(What is being asked):
What you return must be the lines of the data that hold the word "maintain".

(Exercise data):
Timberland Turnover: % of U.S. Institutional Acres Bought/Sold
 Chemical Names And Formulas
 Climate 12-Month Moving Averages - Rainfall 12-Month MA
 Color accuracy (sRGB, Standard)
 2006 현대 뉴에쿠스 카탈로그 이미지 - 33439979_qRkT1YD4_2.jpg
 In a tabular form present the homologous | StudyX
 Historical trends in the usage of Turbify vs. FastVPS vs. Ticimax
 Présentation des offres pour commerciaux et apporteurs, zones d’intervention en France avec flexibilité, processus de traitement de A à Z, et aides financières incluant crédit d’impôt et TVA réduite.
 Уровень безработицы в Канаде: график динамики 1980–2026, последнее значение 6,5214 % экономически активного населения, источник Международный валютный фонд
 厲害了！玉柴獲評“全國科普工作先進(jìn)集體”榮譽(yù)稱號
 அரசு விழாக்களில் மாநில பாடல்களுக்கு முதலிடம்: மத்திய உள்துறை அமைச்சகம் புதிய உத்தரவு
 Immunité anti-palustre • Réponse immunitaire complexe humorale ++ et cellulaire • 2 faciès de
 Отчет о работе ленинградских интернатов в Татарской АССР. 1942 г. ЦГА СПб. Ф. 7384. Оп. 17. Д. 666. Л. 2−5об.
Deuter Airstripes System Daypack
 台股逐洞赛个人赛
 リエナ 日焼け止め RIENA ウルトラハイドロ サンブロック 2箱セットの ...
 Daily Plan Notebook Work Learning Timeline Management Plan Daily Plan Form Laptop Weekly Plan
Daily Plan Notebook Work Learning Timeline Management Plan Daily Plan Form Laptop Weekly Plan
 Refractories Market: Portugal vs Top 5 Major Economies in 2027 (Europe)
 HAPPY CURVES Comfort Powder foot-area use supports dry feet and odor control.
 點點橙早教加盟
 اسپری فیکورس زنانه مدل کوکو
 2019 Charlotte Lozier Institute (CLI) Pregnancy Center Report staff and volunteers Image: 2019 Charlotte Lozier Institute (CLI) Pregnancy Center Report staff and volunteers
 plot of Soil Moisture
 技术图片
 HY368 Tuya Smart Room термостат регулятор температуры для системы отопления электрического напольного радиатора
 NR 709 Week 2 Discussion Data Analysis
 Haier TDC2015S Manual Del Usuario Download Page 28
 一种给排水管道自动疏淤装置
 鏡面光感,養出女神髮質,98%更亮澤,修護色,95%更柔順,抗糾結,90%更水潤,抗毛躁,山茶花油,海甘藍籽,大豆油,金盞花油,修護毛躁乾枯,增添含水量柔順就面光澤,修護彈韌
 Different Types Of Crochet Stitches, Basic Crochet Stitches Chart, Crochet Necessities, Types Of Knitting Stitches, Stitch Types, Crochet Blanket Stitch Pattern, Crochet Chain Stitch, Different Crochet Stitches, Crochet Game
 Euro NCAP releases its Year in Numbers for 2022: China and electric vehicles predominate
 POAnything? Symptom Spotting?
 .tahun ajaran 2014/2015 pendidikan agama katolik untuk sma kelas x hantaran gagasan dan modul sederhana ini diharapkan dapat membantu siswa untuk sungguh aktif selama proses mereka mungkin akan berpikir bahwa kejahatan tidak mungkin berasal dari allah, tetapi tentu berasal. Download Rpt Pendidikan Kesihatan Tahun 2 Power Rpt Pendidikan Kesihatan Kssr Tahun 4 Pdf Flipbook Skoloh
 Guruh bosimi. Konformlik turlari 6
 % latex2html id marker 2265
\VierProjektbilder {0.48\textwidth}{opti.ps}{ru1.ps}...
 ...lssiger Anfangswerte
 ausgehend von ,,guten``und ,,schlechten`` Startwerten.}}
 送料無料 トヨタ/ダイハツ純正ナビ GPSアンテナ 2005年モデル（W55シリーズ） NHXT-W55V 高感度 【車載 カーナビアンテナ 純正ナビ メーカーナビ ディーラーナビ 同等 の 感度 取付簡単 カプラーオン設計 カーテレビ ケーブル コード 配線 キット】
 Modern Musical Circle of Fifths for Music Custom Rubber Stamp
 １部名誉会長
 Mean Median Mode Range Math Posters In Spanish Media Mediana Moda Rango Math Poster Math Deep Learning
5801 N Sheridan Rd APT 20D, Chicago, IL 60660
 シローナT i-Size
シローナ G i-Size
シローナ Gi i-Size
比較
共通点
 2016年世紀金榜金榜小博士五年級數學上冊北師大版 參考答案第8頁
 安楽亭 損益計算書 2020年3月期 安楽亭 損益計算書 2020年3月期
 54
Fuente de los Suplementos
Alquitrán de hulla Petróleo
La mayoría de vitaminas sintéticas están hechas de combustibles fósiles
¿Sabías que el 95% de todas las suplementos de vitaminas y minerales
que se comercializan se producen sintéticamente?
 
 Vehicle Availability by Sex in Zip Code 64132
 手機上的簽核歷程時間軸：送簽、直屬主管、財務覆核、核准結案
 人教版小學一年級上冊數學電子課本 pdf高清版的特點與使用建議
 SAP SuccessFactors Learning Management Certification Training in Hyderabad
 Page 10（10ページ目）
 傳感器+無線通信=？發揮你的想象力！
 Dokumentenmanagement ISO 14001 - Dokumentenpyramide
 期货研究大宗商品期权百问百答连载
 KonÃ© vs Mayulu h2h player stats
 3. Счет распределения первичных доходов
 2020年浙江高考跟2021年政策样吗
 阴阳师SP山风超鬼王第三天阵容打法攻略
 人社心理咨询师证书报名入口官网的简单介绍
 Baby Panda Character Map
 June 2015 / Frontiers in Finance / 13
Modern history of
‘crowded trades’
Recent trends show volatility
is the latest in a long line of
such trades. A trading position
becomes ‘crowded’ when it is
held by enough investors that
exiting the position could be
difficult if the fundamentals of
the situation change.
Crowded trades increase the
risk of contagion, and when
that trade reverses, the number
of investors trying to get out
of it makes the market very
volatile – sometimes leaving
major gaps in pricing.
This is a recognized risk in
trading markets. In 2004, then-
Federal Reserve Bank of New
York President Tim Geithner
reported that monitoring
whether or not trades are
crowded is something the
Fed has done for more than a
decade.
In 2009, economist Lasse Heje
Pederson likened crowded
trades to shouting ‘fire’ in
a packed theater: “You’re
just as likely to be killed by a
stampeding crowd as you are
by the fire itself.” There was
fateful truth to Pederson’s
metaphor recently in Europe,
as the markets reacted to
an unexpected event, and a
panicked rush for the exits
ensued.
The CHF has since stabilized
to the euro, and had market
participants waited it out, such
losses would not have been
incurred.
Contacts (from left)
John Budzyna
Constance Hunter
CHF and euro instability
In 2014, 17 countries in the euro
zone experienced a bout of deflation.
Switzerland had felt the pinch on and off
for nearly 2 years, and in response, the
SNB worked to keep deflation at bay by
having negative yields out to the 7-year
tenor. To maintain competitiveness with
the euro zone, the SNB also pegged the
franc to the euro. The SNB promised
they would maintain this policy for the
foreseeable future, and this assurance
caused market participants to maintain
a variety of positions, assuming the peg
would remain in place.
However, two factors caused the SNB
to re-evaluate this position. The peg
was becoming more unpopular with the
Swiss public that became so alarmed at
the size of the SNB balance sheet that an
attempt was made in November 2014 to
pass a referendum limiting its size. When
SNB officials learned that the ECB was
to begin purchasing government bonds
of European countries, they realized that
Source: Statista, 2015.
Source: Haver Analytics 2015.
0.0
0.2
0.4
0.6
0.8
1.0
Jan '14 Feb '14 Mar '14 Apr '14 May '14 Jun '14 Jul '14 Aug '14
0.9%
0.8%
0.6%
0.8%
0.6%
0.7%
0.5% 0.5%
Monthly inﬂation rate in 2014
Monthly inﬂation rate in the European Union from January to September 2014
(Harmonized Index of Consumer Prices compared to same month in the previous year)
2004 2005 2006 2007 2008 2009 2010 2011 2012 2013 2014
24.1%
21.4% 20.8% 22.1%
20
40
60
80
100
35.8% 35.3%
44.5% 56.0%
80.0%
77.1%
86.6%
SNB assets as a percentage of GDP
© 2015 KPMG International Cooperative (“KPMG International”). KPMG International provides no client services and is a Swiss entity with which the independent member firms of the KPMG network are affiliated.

(Response below):
tenor. To maintain competitiveness with
they would maintain this policy for the
caused market participants to maintain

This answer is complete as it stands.